The jail has taken some substantive steps to reduce its population. ACRJ has drastically expanded its Home Electronic Incarceration program, allowing people to be removed from the jail early and serve out the rest of their sentences from home, while wearing an ankle monitor. Before the pandemic, an average of 430 people were housed in the jail, with only three to five on HEI. Now, the jail population has dropped to as low as 300, with an average of 65 to 75 people on HEI, says Kumer. As of January 18, there are currently 345 people incarcerated at ACRJ, a majority of them ineligible for HEI due to their charges or convictions.

But even with the reduced population, it’s impossible to socially distance inside the jail, where people are constantly moved around, says Jennifer Hughes, who has been incarcerated at ACRJ since December 2019.

“The [cells] stay open all day until night time, when you have to go to sleep, but…[they’re] not very big,” says Hughes, who is currently housed in a closed cell block. “If you put your foot off the [bunk] bed, you could put your foot in the toilet—it’s that tight.”

And Kumer confirms that social distancing is also not enforced in common spaces.

“When the food comes, we’re expected to eat at a bench. Right now, there’s six people in the area I’m in, and you can maybe get six inches from the next person. You’re basically elbow-to-elbow eating,” says another incarcerated woman.

‘Nasty’

In addition to the close quarters, incarcerated people report that the jail itself is in poor physical condition. The older part of the jail, where the women are currently housed, was built in the 1970s.

“It’s so nasty in here,” says Hughes. “The paint is peeling off. We have bugs in here biting us. There’s springs hanging out of the wall. There’s pieces of iron sticking out. If you’re not careful, it’ll hit your feet and it’s sharp.”

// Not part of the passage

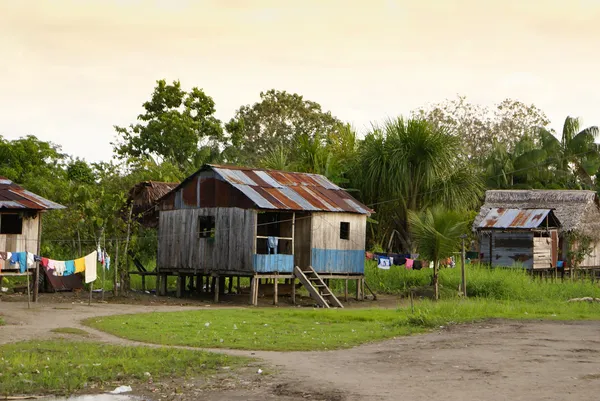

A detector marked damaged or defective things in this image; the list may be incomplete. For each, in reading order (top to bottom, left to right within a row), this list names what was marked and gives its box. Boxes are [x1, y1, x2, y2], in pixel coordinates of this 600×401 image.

rusty tin roof [0, 177, 65, 211]
rusty tin roof [478, 206, 556, 228]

In their letters, women report black mold and mildew in the vents, as well as faulty wiring, freezing temperatures, and standing water. And because there are no call buttons in the older part of the jail, the women have to yell and bang on the doors whenever they need help.

“We had an emergency in here today with a woman that has high sugar. It took a good five minutes of hollering, banging, and waving frantically at the camera to get anyone’s attention,” wrote one woman. “Good thing no one was dying.”

Kumer admits the older section of the building is “in desperate need of renovation.”

The men, housed in a newer part of the jail which was built in 2000, have also reported a range of sanitary issues in their cell blocks, including bug infestations, heating outages, and dirty vents.

One trustee, who works on a cleaning detail in exchange for a reduced sentence, reports receiving only one cleaning rag and watered-down solution to clean an entire cell block, which includes bunks, toilet, and shower.

According to Kumer, the cleaning solution used at the jail is approved by CDC to kill the coronavirus, and is properly diluted.

“The showers in my block have not been cleaned in over three weeks,” reports one man. Another letter writer puts it bluntly: “The sanitation or lack thereof is appalling.”

Unguarded

Multiple incarcerated people report the jail staff taking a lackadaisical at best approach to COVID prevention.

“Half of these officers wear masks at their own discretion,” says Hughes. “They’ll come into our pods, take their masks off, and start coughing and making jokes. It’s really not funny.”

“The guards hardly ever have the mask on properly, they constantly pull them down,” reads one letter.

Some of the writers report officer misbehavior unrelated to COVID. “The COs are very disrespectful at night,” reads another letter, “slamming on the doors every 15 minutes to ½ hours at night all night long.”

“It is not feasible to force any resident to wear a mask, although it is encouraged…since the majority of our facility is open air and dormitory in nature,” says Kumer. “Unless residents also wear their mask properly while they sleep, it’s not as effective as it otherwise could be. …Staff are required and if necessary disciplined if they are not wearing their PPE.”

Multiple letter writers accused the jail’s medical team of not taking pre-existing ailments seriously, failing to provide people with the treatments they need.

“The medical care is a joke,” wrote one woman. “I have serious medical issues. I was not sentenced to death by virus.”

“Medical is very neglectful in here and don’t care what people’s needs are and there are issues that many people have,” wrote one man. “I’m diabetic, it took me 10 months to convince them that I’m a diabetic in need of diabetic meds + insulin…I could have died of a heart attack.”

And on top of their physical ailments, those held in the jail report suffering from acute loneliness and boredom.

Throughout the pandemic, the jail has allowed everyone to have two free phone calls and emails per week. However, it has banned visitation.

“We are the only jail that don’t have tablets [and] video visits…We have not seen our families in almost a year,” wrote one man.

“Once a week we have people from the outside deliver our commissary items,” wrote another man. “How come we have people from the street in here with us every day, but we can’t have visitors behind the glass?”

Because the jail has canceled all programming, people are “really bored,” adds Melissa. “Many of the books they have access to have missing pages, they’re all old…There’s just nothing for them to do.”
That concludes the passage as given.